LISTED ENTRIES

++++++++

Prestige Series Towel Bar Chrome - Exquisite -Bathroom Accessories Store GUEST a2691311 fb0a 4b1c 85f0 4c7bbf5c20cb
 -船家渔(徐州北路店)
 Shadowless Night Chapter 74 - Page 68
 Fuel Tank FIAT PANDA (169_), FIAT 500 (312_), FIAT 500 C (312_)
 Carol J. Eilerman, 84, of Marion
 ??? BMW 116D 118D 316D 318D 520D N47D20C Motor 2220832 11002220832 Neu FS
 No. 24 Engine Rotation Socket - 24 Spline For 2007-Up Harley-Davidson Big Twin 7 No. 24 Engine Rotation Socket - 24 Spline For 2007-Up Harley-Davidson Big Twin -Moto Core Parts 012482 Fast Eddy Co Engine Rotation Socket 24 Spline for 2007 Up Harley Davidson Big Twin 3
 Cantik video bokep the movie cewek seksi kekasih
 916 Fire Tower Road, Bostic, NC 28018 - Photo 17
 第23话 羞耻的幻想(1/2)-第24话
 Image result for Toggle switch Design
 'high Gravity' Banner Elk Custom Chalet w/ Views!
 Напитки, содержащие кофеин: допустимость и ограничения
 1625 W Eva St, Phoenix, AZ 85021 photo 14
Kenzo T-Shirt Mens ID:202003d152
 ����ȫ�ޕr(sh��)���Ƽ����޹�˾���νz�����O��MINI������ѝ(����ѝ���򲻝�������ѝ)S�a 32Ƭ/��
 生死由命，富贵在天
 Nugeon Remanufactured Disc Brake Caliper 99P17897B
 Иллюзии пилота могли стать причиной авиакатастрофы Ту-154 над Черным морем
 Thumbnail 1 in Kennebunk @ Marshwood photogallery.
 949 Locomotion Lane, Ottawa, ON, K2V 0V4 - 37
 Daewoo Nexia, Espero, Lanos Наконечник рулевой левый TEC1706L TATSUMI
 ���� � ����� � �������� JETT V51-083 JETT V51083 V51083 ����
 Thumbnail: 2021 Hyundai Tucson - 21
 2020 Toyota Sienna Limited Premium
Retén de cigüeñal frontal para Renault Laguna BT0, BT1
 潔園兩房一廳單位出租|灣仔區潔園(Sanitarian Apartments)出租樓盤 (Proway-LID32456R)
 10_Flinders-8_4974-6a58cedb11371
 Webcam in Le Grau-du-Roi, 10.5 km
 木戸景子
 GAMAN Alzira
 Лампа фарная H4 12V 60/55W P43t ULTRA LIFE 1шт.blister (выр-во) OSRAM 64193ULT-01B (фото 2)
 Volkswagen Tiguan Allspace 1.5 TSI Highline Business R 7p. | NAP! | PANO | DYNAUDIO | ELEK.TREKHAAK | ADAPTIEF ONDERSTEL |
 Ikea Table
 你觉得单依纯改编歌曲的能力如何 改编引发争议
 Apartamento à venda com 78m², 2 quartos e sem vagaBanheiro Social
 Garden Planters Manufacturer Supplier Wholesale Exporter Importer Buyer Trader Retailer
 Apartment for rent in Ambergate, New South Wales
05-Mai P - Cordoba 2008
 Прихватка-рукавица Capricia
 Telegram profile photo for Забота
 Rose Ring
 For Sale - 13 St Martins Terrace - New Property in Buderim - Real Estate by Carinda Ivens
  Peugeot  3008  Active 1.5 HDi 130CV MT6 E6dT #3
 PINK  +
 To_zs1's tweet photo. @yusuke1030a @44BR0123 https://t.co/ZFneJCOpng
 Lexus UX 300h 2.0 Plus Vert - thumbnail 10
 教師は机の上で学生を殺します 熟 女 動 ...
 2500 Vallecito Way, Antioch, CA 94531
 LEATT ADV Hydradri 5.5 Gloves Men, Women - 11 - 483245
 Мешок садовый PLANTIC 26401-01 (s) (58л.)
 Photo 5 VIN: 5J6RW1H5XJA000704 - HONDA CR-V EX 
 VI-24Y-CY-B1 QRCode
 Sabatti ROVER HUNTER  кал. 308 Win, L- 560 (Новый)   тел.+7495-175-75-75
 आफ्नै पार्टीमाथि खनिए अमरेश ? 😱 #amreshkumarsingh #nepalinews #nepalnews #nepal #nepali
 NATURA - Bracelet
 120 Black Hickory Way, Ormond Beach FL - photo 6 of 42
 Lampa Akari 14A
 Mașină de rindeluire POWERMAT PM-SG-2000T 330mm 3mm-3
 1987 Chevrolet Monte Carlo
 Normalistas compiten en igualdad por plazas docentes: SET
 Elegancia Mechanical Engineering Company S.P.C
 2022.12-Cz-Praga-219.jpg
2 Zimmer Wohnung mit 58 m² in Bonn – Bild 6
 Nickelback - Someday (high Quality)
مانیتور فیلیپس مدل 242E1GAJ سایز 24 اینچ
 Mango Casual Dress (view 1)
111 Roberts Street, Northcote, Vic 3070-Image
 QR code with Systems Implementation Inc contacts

++++++++

Reproduce the lines of the entries above from the one with "GAMAN Alzira" to the one with "教師は机の上で学生を殺します 熟 女 動 ...", both included, exactly and without any other line.

 GAMAN Alzira
 Лампа фарная H4 12V 60/55W P43t ULTRA LIFE 1шт.blister (выр-во) OSRAM 64193ULT-01B (фото 2)
 Volkswagen Tiguan Allspace 1.5 TSI Highline Business R 7p. | NAP! | PANO | DYNAUDIO | ELEK.TREKHAAK | ADAPTIEF ONDERSTEL |
 Ikea Table
 你觉得单依纯改编歌曲的能力如何 改编引发争议
 Apartamento à venda com 78m², 2 quartos e sem vagaBanheiro Social
 Garden Planters Manufacturer Supplier Wholesale Exporter Importer Buyer Trader Retailer
 Apartment for rent in Ambergate, New South Wales
05-Mai P - Cordoba 2008
 Прихватка-рукавица Capricia
 Telegram profile photo for Забота
 Rose Ring
 For Sale - 13 St Martins Terrace - New Property in Buderim - Real Estate by Carinda Ivens
  Peugeot  3008  Active 1.5 HDi 130CV MT6 E6dT #3
 PINK  +
 To_zs1's tweet photo. @yusuke1030a @44BR0123 https://t.co/ZFneJCOpng
 Lexus UX 300h 2.0 Plus Vert - thumbnail 10
 教師は机の上で学生を殺します 熟 女 動 ...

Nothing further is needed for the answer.